__What this task involves__
Word for word, set down the lines from the one that holds "Frauenmodel trägt Relaxed" through the final line of the listing below, and exclude every picture.

<<<<

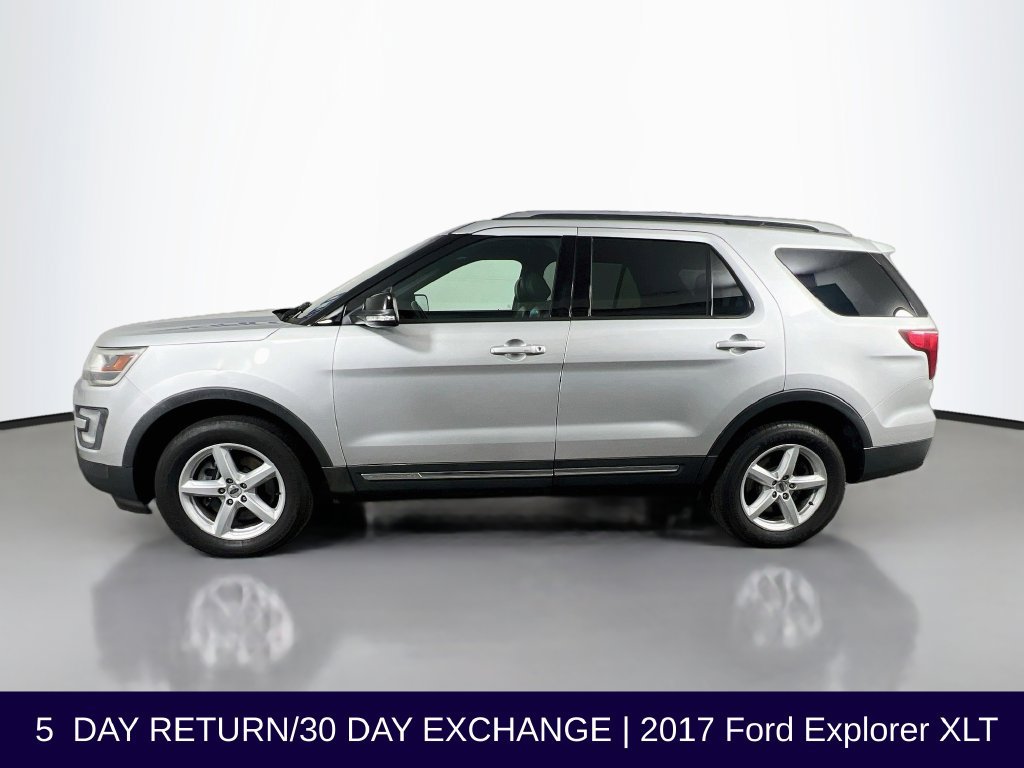 Used 2017 Ford Explorer XLT w/ Equipment Group 202A AWD/4WD image 5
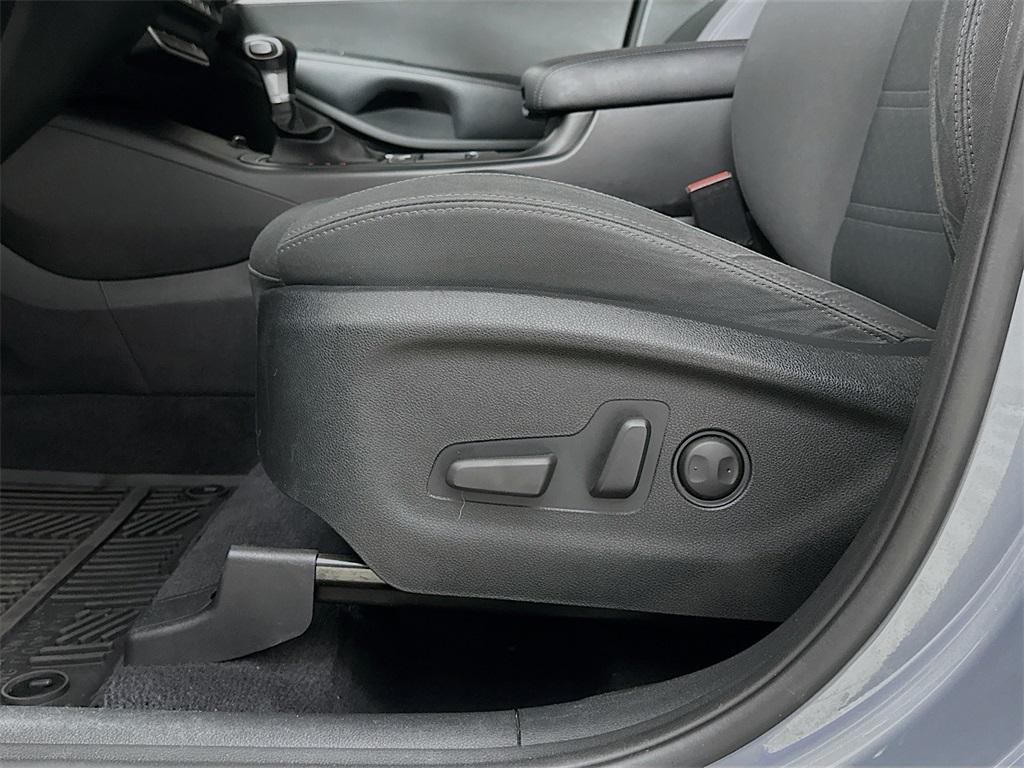 used 2020 Kia Sorento car, priced at $14,900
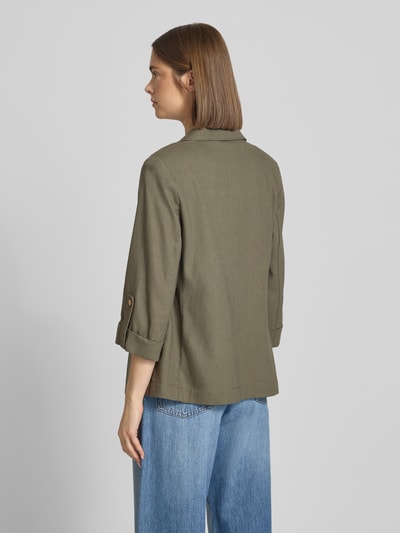 Frauenmodel trägt Relaxed Fit Blazer aus Viskose-Leinen-Mix Modell 'GOA' von Only in Olivgrün, unifarben, Rückansicht, Ganzkörperansicht.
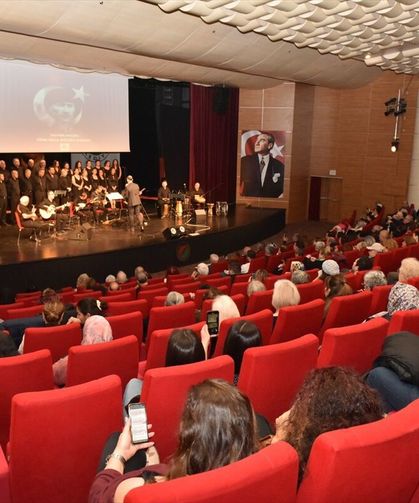 Kepez’de Türk Halk Müziği konserine yoğun ilgi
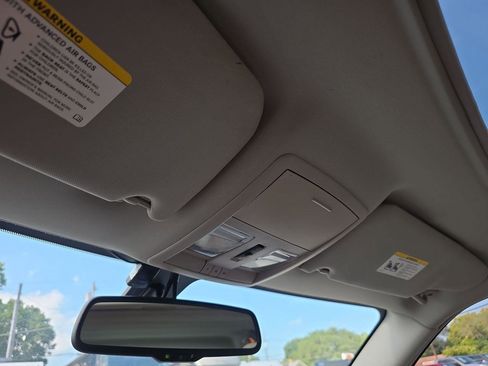 Used 2006 Chrysler 300 C w/ Navigation & Sound Group II image 23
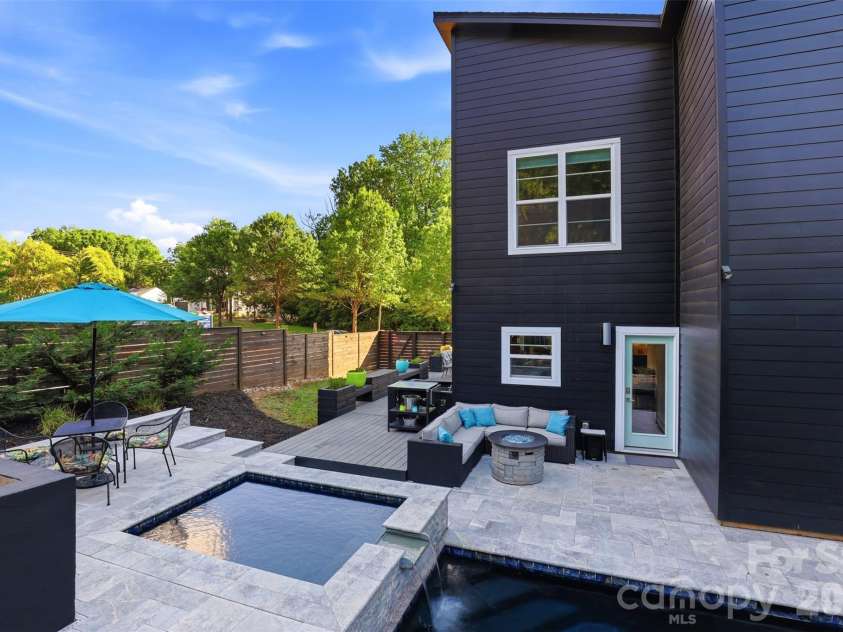 715 28th Street, Charlotte, NC 28205.  MLS# CAR4383784, YatesRealty ID 29441. Resort style pool!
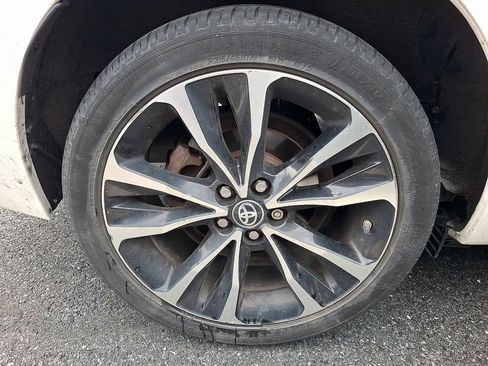 Used 2018 Toyota Corolla SE w/ SE Premium Package FWD image 8
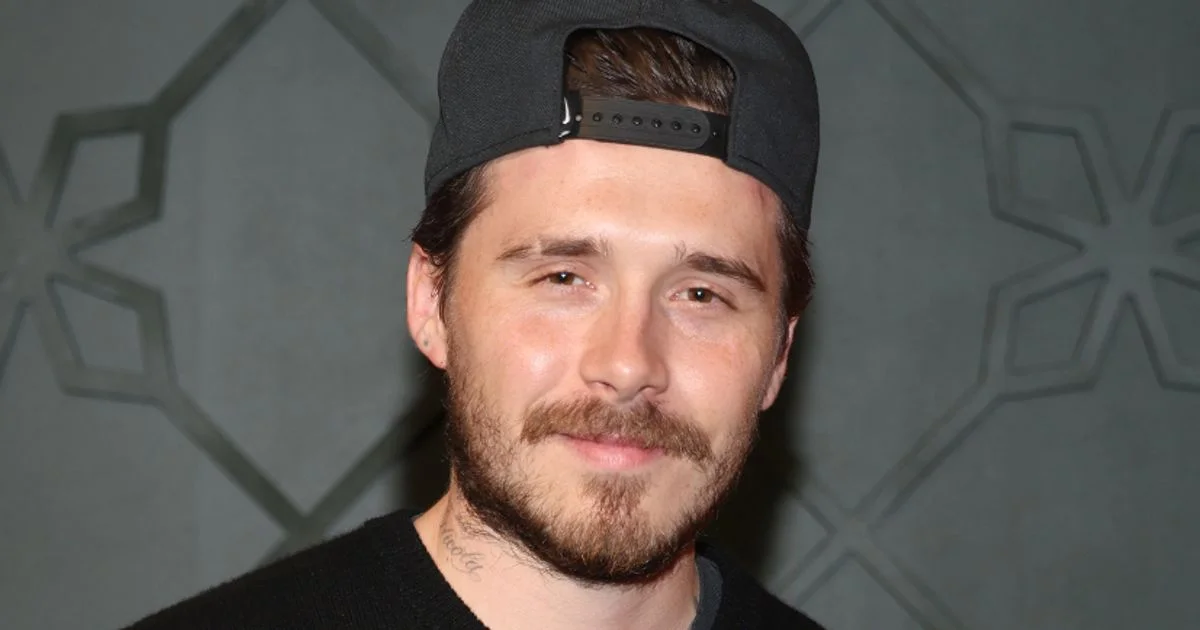 Brooklyn Beckham unfollows Gordon Ramsay hours after chef's plea to 'remember where you came from' - 2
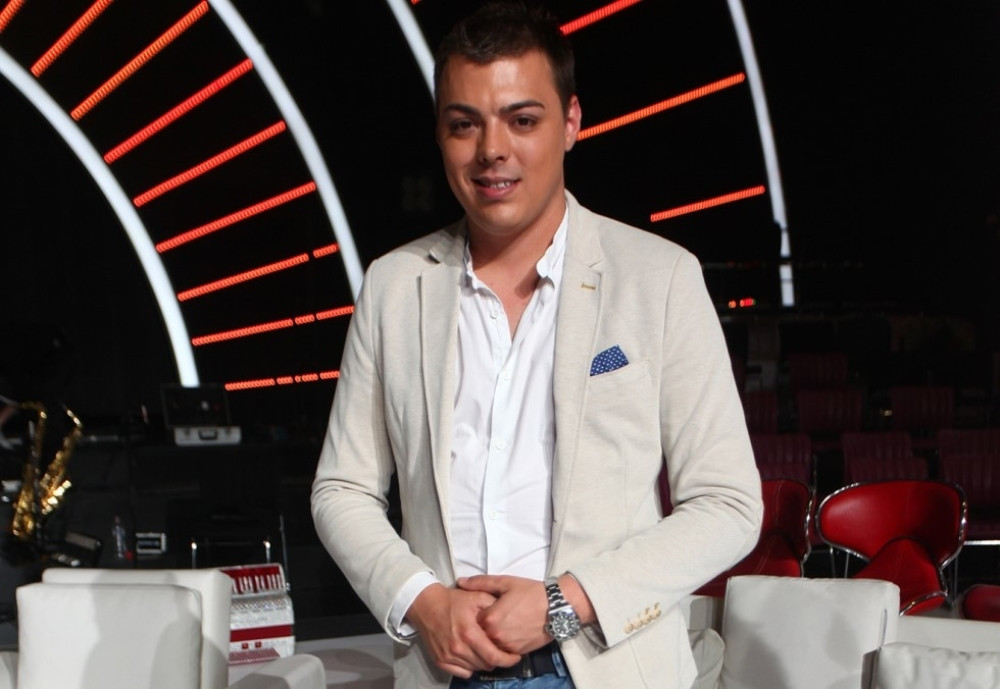 Pretili mu smrću, 5 godina krio da ima dete, razlog razvoda će vas šokirati, a sada sa drugom čeka bebu (FOTO/VIDEO)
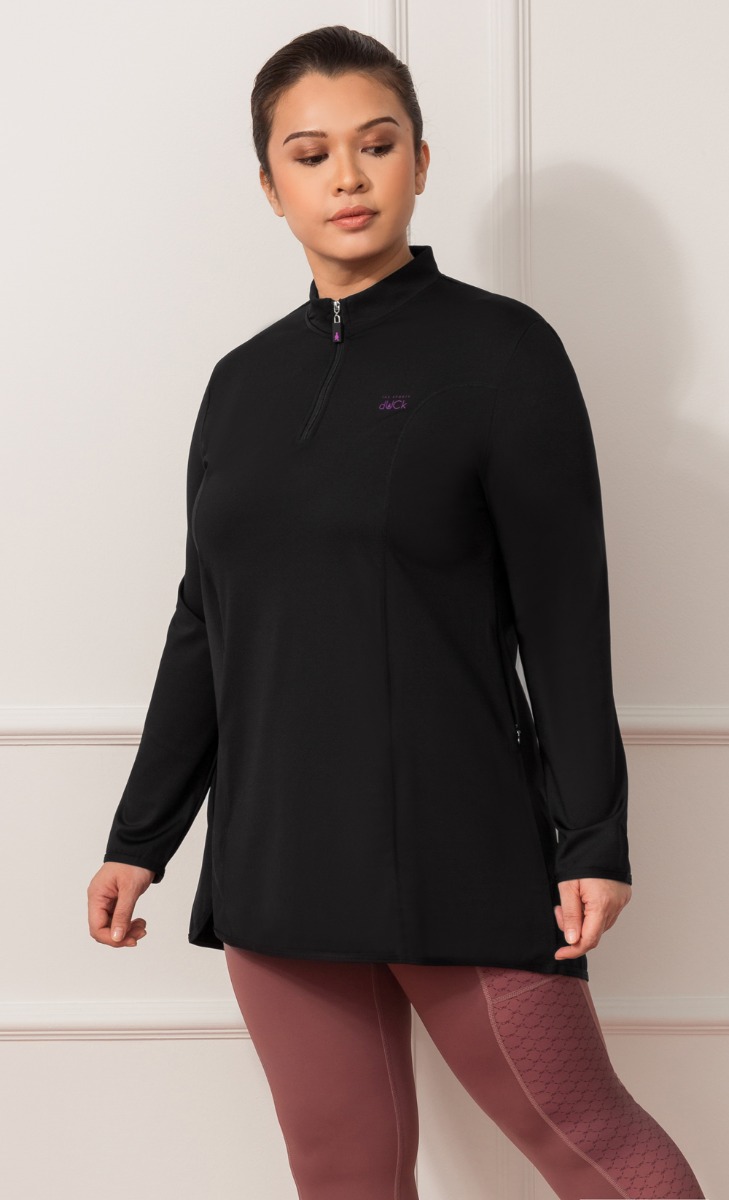 The Sporty dUCk Motion Top in Black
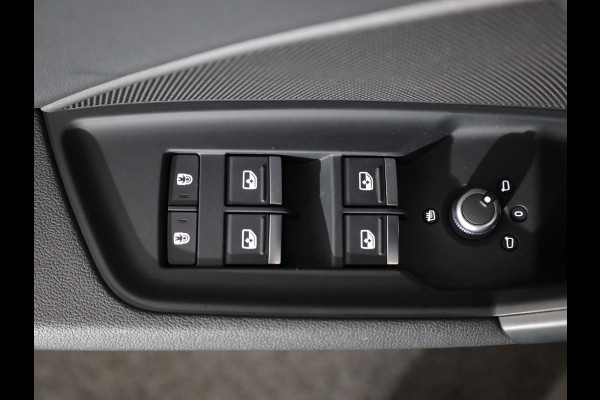 Audi A3 Sportback 45 TFSI e S edition 245 pk | SOH 94% | S-tronic | Navigatie | Parkeersensoren (Park assist) | Adaptieve cruise control | Matrix LED koplampen | S-Line |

>>>>

__Solved problem__
 Frauenmodel trägt Relaxed Fit Blazer aus Viskose-Leinen-Mix Modell 'GOA' von Only in Olivgrün, unifarben, Rückansicht, Ganzkörperansicht.
 Kepez’de Türk Halk Müziği konserine yoğun ilgi
 Used 2006 Chrysler 300 C w/ Navigation & Sound Group II image 23
 715 28th Street, Charlotte, NC 28205.  MLS# CAR4383784, YatesRealty ID 29441. Resort style pool!
 Used 2018 Toyota Corolla SE w/ SE Premium Package FWD image 8
 Brooklyn Beckham unfollows Gordon Ramsay hours after chef's plea to 'remember where you came from' - 2
 Pretili mu smrću, 5 godina krio da ima dete, razlog razvoda će vas šokirati, a sada sa drugom čeka bebu (FOTO/VIDEO)
 The Sporty dUCk Motion Top in Black
 Audi A3 Sportback 45 TFSI e S edition 245 pk | SOH 94% | S-tronic | Navigatie | Parkeersensoren (Park assist) | Adaptieve cruise control | Matrix LED koplampen | S-Line |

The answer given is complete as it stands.